Reformation could not yet avoid; but to continue to keep it in Protestantism as a

canonical document after the nineteenth century is the consequence of religious

and ecclesiastical paralysis....[T]o sweep the table clean and honor the truth in

confession and teaching is the action required of Protestantism today. And it is

almost too late.”[1]

Whatever else we may want to say about this proposal, perhaps the most damning it that is just this kind of view that separated Jewish faith from Christian faith that lead to the persecution of the Jews throughout western history (often at the instigation of the church) and culminated in the unthinkable horror of the Nazi death camps and Hitler’s “final solution” of the eradication of the Jews. While Harnack thought it “almost too late” to effect this “cleansing” of the Old Testament from Christianity, Hitler proved it far enough along to effect the effort to “cleanse” the west of Jews! A church which reads the whole Christian Bible as the one story of God with humanity through the Jews can never accept such a view of the majority of its Holy Book. The church may and must never forget that “salvation is from the Jews” (Jn.4:22).

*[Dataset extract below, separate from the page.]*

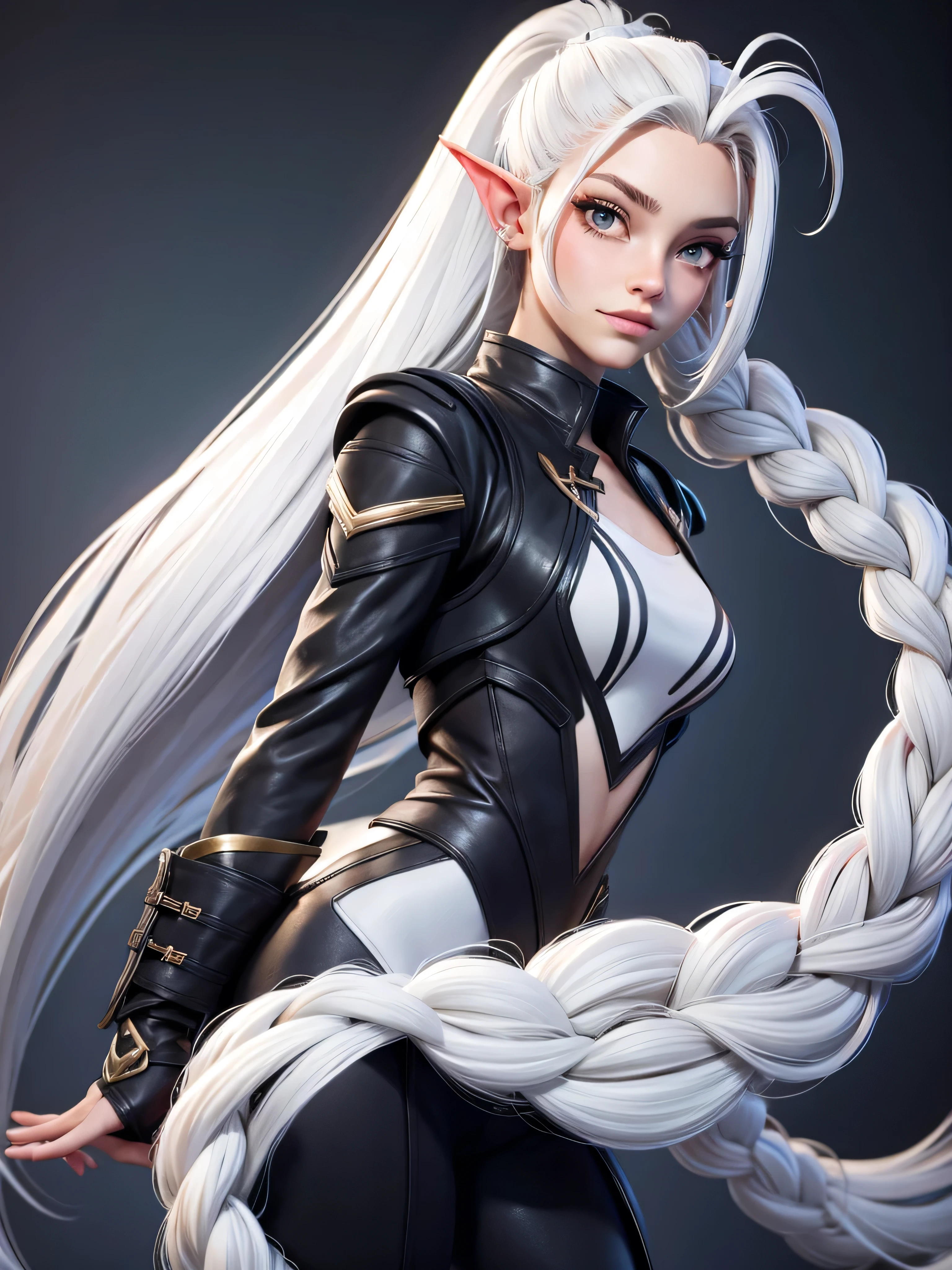 Millicent is a 21 year old young woman.., Tall and fit physique. He has light skin and gray eyes with small pupils... Long wavy white hair braided in a high ponytail with many small braids.. It has long and pointed ears. Described as an incredibly beautiful girl.. Prefers to wear black clothes., gray and white colors. 8k.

If the Old Testament is not some mere historical prologue to Christianity that may and must be “cut loose” from it as Harnack proposed, what else may we say about it? The church has never persuasively answered this question in a way that emerges organically from the story our Bible itself tells. Or at least not until quite recently. If the Old Testament is inextricably a part of the church’s Bible, how does it nurture Christian faith in Jesus Christ and equip the church to serve Christ in a world far distant from it in both time and thought?

The majority effort to answer this question was to seek for “Messianic prophecies” in the Old Testament. Verses or passages that could be seen as foretelling the coming of the “Christ” (=Messiah) were highlighted and served as a bridge of sorts between the two testaments. We experience this approach to the Old Testament every Advent in churches that follow the liturgical calendar. Here texts from the prophets (primarily Isaiah) are read, sung, and preached as we anticipate the celebration of the Christ child at Christmas. While there is nothing wrong with such an approach, the relatively few prophecies of this type in the Old Testament form a precarious bridge across the testaments. This paucity of references has advocates of this view to strained efforts to find more of them, often by engaging in allegory. This has only served to reveal the real limitations of such an approach.

Again it is the understanding of the Bible as one story that helps us here. A story differentiated within itself by the six acts of its drama I sketched earlier. Though far distant in time and thought as one act of this story may be from others, each is organically related to the others as the unfolding tale of God’s work to reclaim and restore his creation. Therefore, we may reasonably expect to find resemblances and similarities in the life and work of ancient Israel in spite of the evident differences and distance between them. We come to know which if these resemblances/similarities are significant and helpful for God’s people today by reading and living them in light of the surprising and unexpected act of God for us and our world through Jesus of Nazareth, the Messiah.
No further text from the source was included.